While working on archivization of our correspondences, we came across a letter from Mr Andrzej, who asked us for one thing: ‘I am already an old, childless man, I would very much like my Jewish family to have a slight trace left, and I have no one to give these small souvenirs to.’ Andrzej’s dad was a Catholic, his mother a Jewish woman who converted to Catholicism when the couple got married in 1930 in Kraków. They had two children. Czesława’s mother, Estera, accepted her daughter’s decision to change her faith and they stayed close. Her father Isaac was a rabbi and most likely never accepted the fact that his daughter left Judaism, and they had no contact with each other.
When the war began, Andrzej’s dad was in the army, his mother had to run away with the children. In 1940, after Józef (Andrzej’s father) escaped from Soviet captivity, the family found each other and decided to wait out the war in Sokołów Małopolski. They tried to save their mother’s family, but in 1942 Czesława’s sisters found themselves in the Parczew ghetto, from where her Sister Maria wrote the last letter just before the deportation to the death camp. We do not give all the data and details that are in the letter, because we do not know if Mr Andrzej would have wished it, but we want to fulfil his will and publish photos of Sochaczewski family, for the world, for the future and memory about them. May their memory be a blessing!

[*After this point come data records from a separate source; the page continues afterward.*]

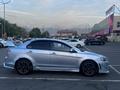 Mitsubishi Lancer 2013 года за 4 500 000 тг. в Алматы – фото 10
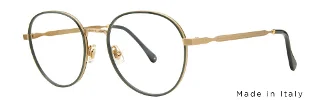 Valdo Eyeglasses ANDREA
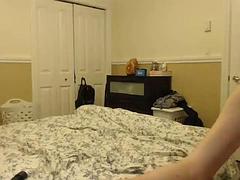 Babe, Store bryster, Fetish, Pov, Ridning, Barberet, Solo, Legetøj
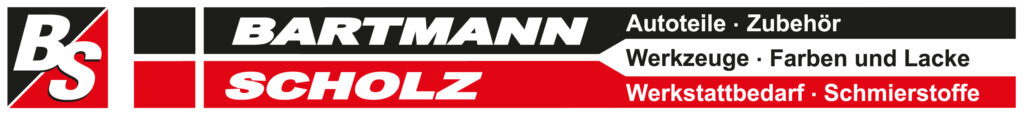 Bartmann & Scholz Kfz-Teile-Großhandels GmbH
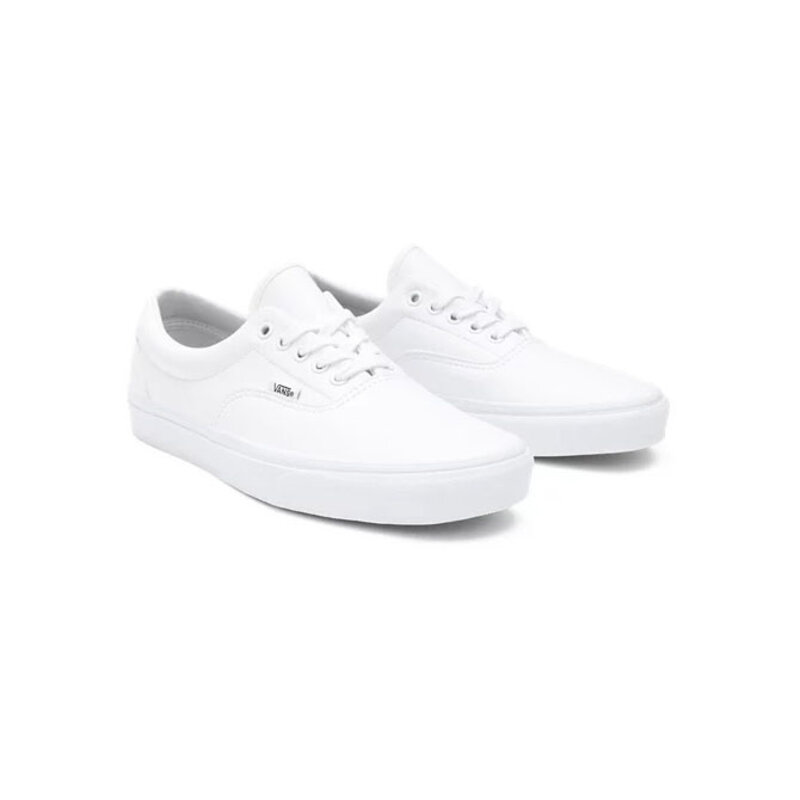 Vans FEMMES AUTHENTIC LO PRO TRUE WHITE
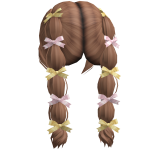 Roblox entity thumbnail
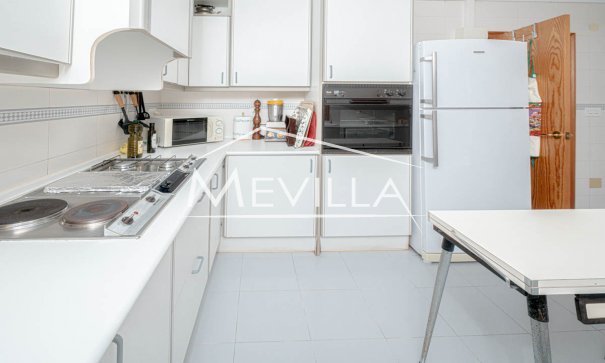 Verkäufe - Villa - Orihuela Costa - Cabo Roig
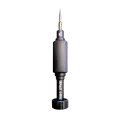 Mortar Mini Screwdriver Tool (Mechanic)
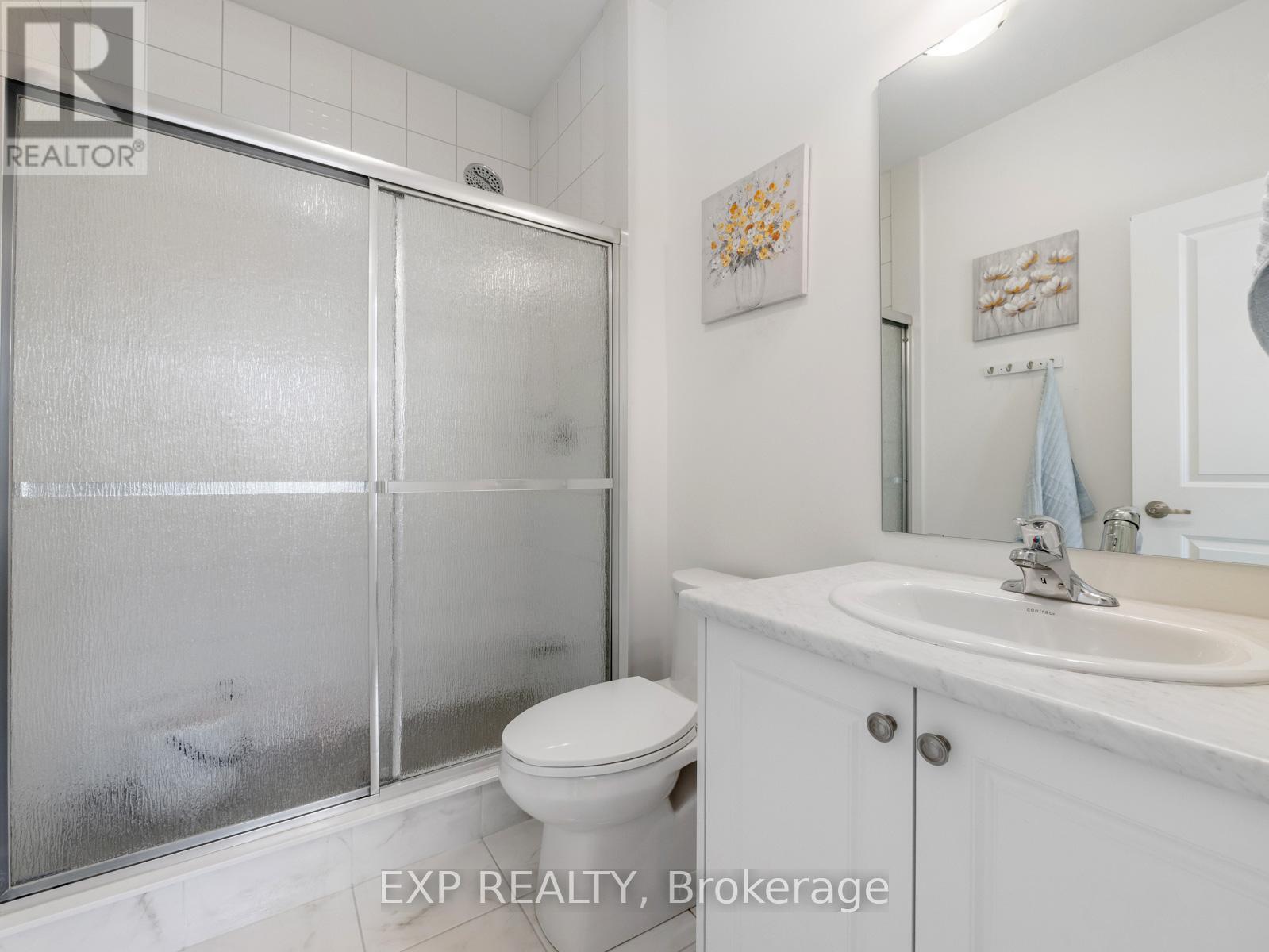 57 HAWTREY ROAD - 33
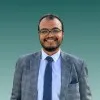 Obaidah Mouawad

Before our lives end, I hurry to write a couple of words to you. We are being forced to obey and are going on the last transport to the execution. Stella, Regina and our poor father, after whom we looked until the last moment, ended up dead. Toluś, smart and handsome, has long been an orphan. I wouldn’t have written to you, but I didn’t want you to write to some strangers who read other people’s letters. Until the last moment, we were hoping that we might stay alive, but there will be no exceptions. We all look like corpses. I wish we would have gotten the papers last summer, but it’s too late now. Maybe if I would have told you something you might have helped us, but neither of us wanted to put you at risk. Even though we suffer so much now, we’d rather be alive. What can you do, such is our fate. Maybe in the afterlife will be better, our life had been an endless misery anyway. Please, don’t worry about us, don’t be afraid, because it’s too late. Both of us was always honest with you. I know that if you had wanted, you might have saved us. Maybe you would have been better off as well. I would pay anything for us to stay alive. We leave behind a lot of belongings. We would readily leave it for you with someone, but nobody wants to accept. I conclude this letter, may you all be healthy and happy.